**** Stored data ****

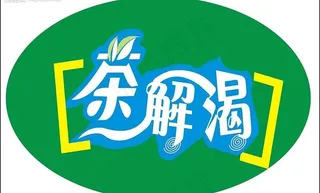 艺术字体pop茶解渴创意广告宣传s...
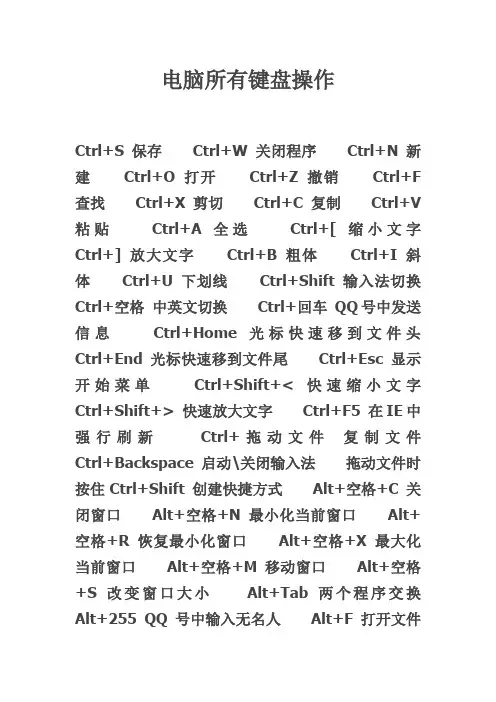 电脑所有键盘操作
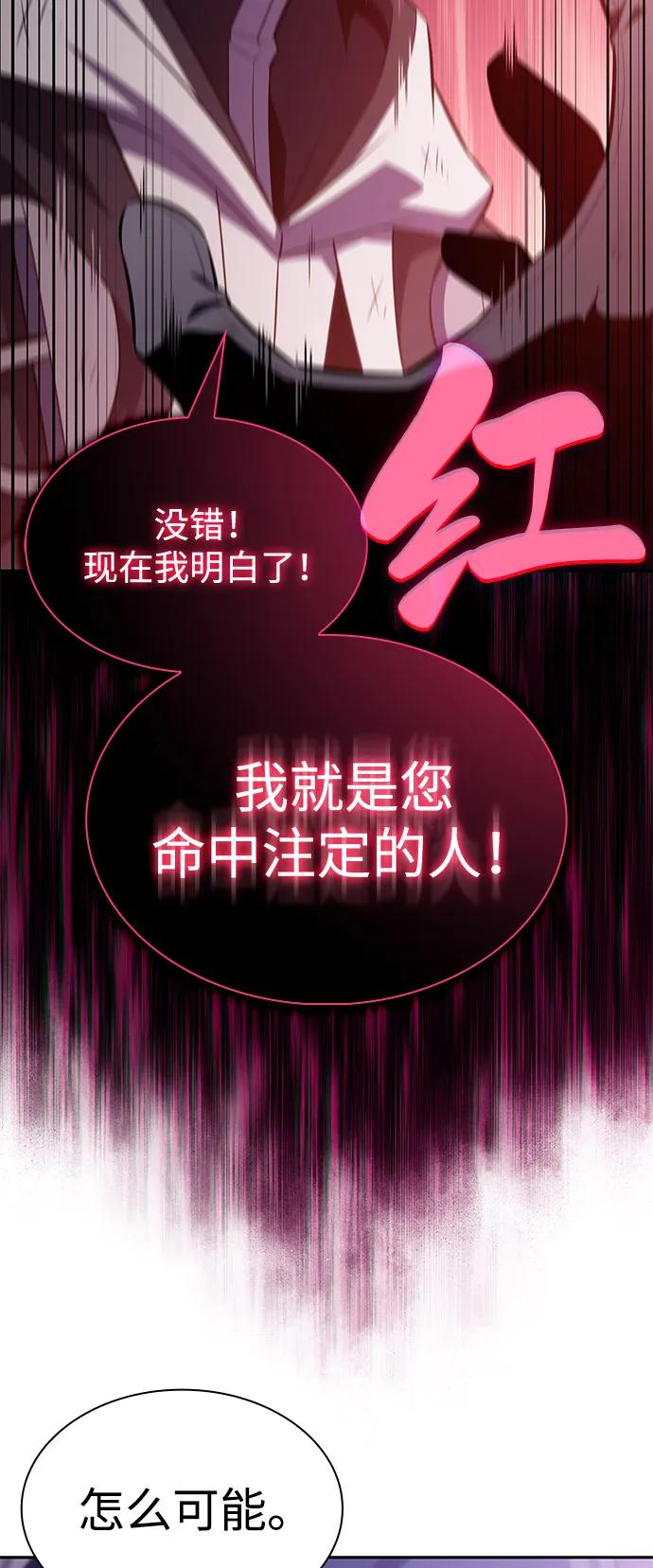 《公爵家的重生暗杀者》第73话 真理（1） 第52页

****

» **Assignment**: Whenever images occur above, omit them and retype each line exactly as it stands.

» **Output of the task**:
 艺术字体pop茶解渴创意广告宣传s...
 电脑所有键盘操作
 《公爵家的重生暗杀者》第73话 真理（1） 第52页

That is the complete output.